What’s the best way to love others when it doesn’t come easily?
Taylor Theatre is exploring this idea through Deanna Jent’s 2011 play “Falling.” In this play, the Martin family’s 18-year-old son Josh suffers from severe autism, and the story follows the lives of the family members as they navigate through their circumstances together.
Jent also shines a spotlight on the ways autism can drastically affect a family and how despite that, they still face the same situations every other family does.
Like many people with autism, Josh is prone to sensory overload, which can be triggered by both emotional and environmental stress. While he isn’t a violent person, when this happens, he can lose control and become a danger to the rest of his family.

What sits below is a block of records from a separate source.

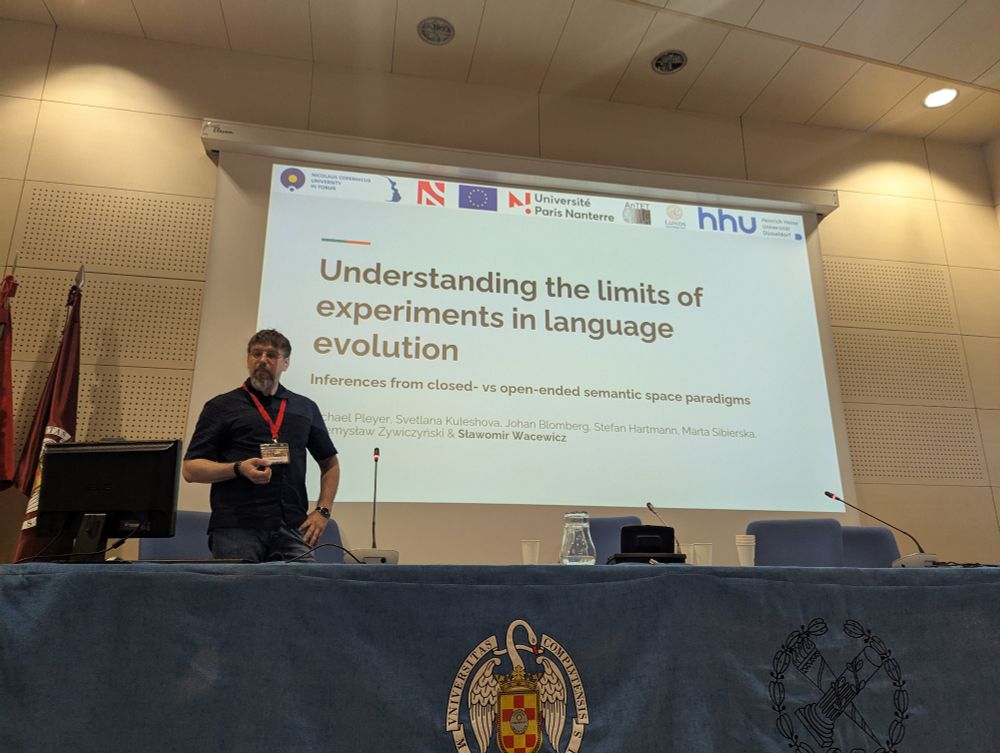 Sławek in front of the title slide 
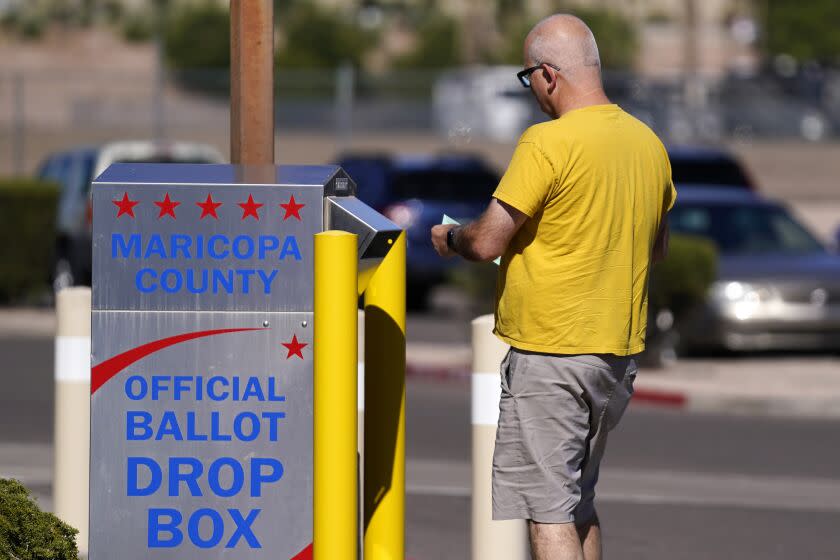 A voter places a ballot in an election voting drop box in Mesa, Ariz., Friday, Oct. 28, 2022. (AP Photo/Ross D. Franklin)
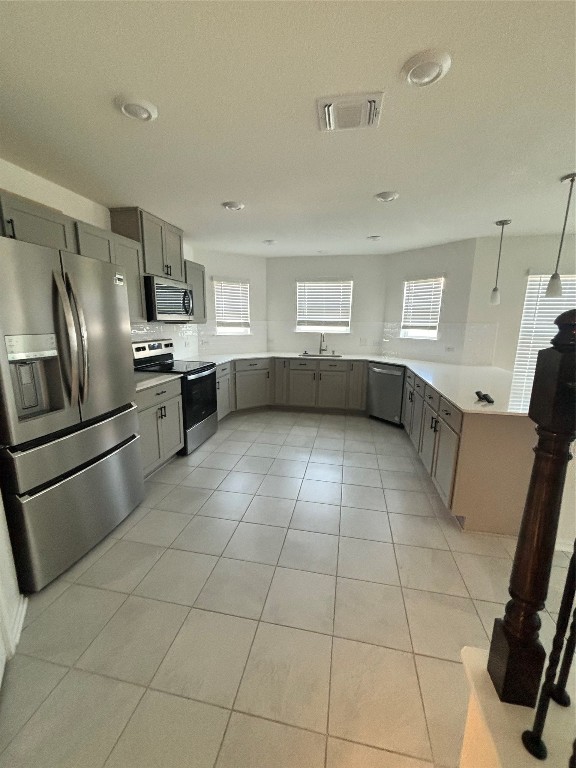 a kitchen with stainless steel appliances a refrigerator sink and cabinets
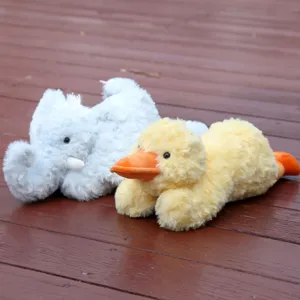 Detailed close-up of soft plush duck and elephant toys, cute lying stuffed animals.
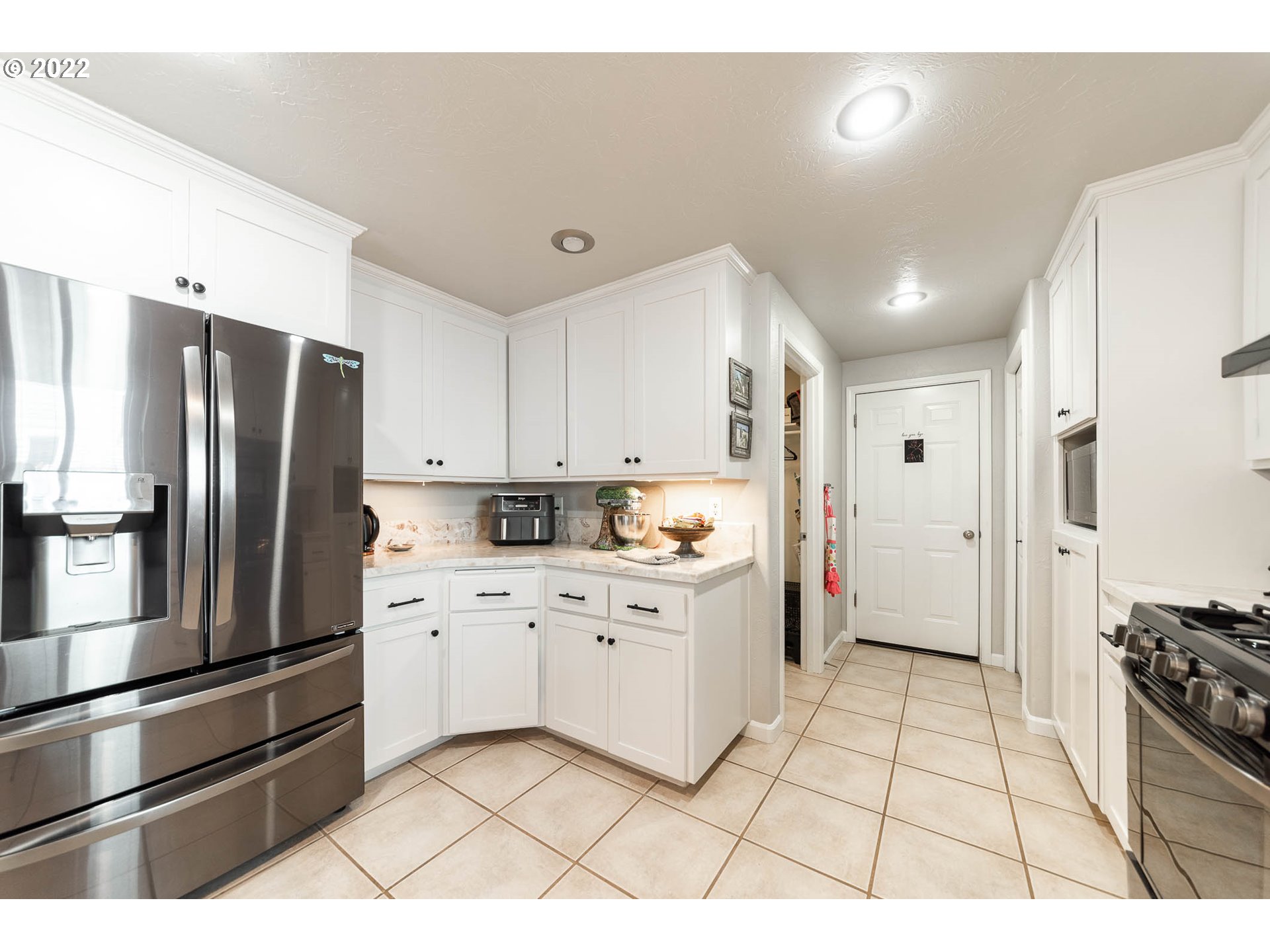 659 62nd Street Springfield, OR 97478 - Photo 18 of 32 a kitchen with stainless steel appliances a refrigerator sink and cabinets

“That makes him a threat, even though he doesn't want to be,” said Nate Aeilts (‘16), who plays the role of Josh. “He's a full person who faces challenges that we don't know. Nobody who isn't in that position can understand.”
Aeilts got involved with Taylor Theatre as a student after attending a performance of Playback Theatre. Now, he returns to the stage for this important role.
This isn't Aeilts first exposure to cognitive impairment. In high school, he used to work at a camp for adults with learning disorders. The experience taught him how to see people for more than just one aspect they hold.
“Every single person was a whole person that wasn't their disability,” Aeilts said. “Each person had a personality that was worth knowing.”
Claire Vock, theatre arts freshman, also has experience with people close to her being on the autism spectrum. Her older sister is diagnosed with high-functioning autism. Vock draws from these experiences in her role as Josh’s 16-year-old sister, Lisa.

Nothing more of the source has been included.